#### INSTRUCTIONS FOR THE TASK:
Among the lines below, a stretch begins at the one with "The Mini measures" and ends at the one with "Today we are". Repeat that stretch exactly, ends included.

#### INFORMATION:
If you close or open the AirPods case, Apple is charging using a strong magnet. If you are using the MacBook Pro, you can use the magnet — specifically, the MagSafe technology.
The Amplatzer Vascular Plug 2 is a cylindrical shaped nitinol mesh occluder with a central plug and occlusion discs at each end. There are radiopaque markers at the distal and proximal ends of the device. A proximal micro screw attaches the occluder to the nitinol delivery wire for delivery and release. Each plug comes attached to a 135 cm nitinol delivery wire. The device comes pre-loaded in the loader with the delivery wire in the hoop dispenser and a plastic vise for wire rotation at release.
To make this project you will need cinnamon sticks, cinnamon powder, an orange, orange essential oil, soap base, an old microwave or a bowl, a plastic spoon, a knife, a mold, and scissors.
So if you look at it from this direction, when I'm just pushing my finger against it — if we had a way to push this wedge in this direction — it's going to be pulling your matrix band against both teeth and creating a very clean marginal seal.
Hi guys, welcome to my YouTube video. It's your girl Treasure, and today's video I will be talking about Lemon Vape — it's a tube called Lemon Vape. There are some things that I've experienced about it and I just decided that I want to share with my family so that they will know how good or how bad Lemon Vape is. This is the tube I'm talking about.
==
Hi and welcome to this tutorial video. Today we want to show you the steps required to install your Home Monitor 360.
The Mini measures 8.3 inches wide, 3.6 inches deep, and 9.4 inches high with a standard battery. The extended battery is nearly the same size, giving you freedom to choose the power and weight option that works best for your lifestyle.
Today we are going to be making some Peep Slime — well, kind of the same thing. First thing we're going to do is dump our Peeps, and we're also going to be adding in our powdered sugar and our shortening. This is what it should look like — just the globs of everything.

#### WRITTEN ANSWER:
The Mini measures 8.3 inches wide, 3.6 inches deep, and 9.4 inches high with a standard battery. The extended battery is nearly the same size, giving you freedom to choose the power and weight option that works best for your lifestyle.
Today we are going to be making some Peep Slime — well, kind of the same thing. First thing we're going to do is dump our Peeps, and we're also going to be adding in our powdered sugar and our shortening. This is what it should look like — just the globs of everything.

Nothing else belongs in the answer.